▶ _ASSIGNED TASK_: Please give the lines below again exactly as they stand, from the one that contains "Lormont House |" up to and including the one that contains "Thumbnail 3 in", leaving all pictures out.

▶ _RECORDS FOR THIS TASK_:

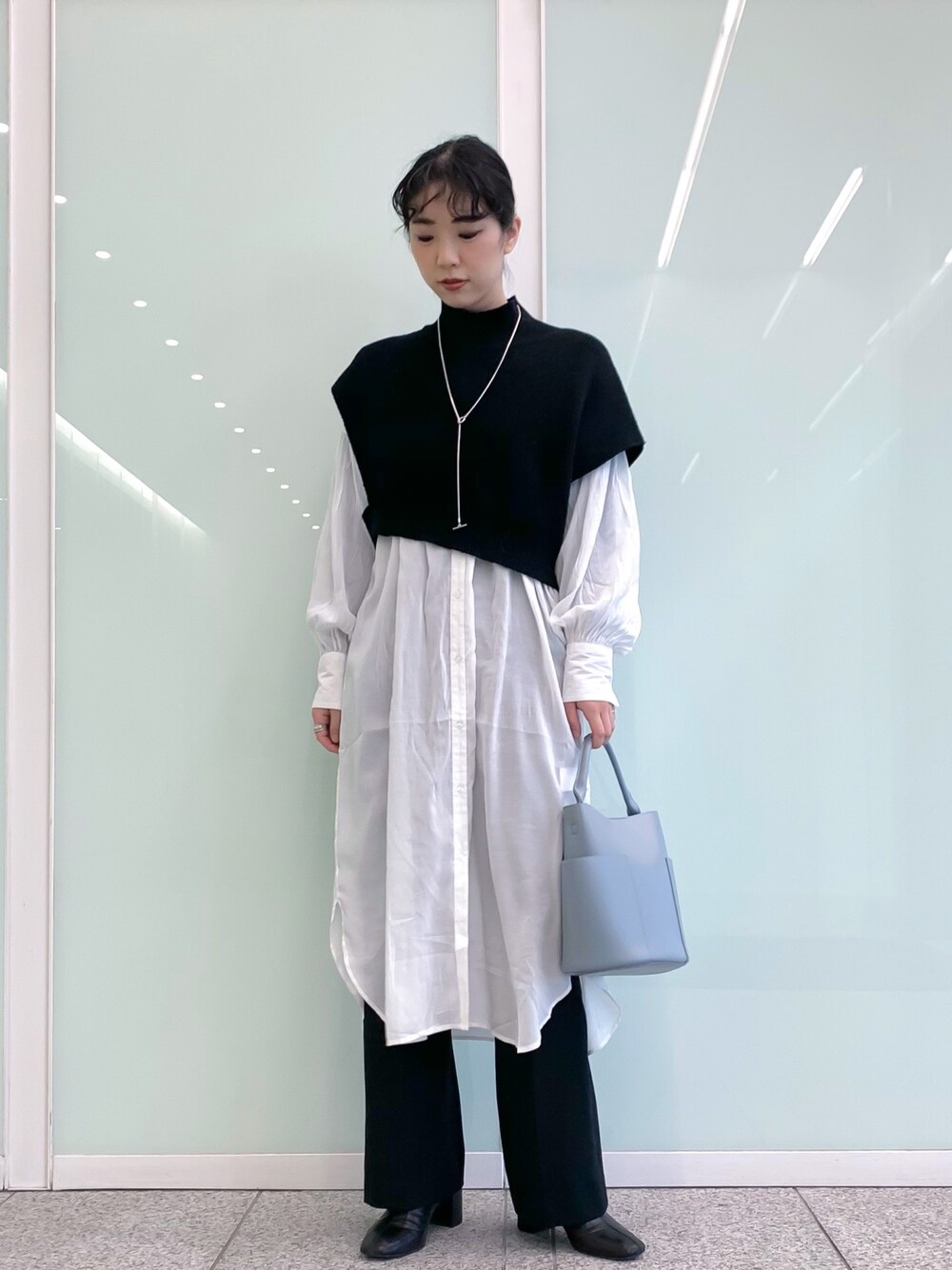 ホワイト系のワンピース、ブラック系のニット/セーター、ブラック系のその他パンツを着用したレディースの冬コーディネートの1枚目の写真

--

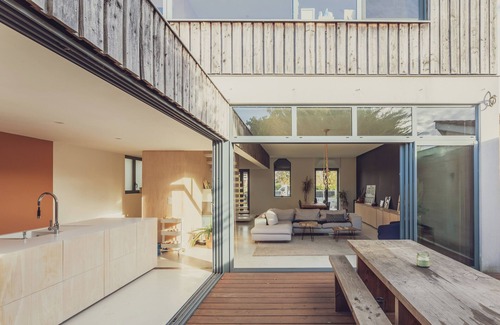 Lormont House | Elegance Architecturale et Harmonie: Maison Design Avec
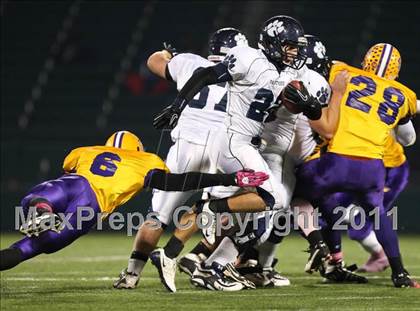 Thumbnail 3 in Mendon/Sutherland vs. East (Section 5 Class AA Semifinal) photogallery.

▶ _COMPLETED TASK_:
 Lormont House | Elegance Architecturale et Harmonie: Maison Design Avec
 Thumbnail 3 in Mendon/Sutherland vs. East (Section 5 Class AA Semifinal) photogallery.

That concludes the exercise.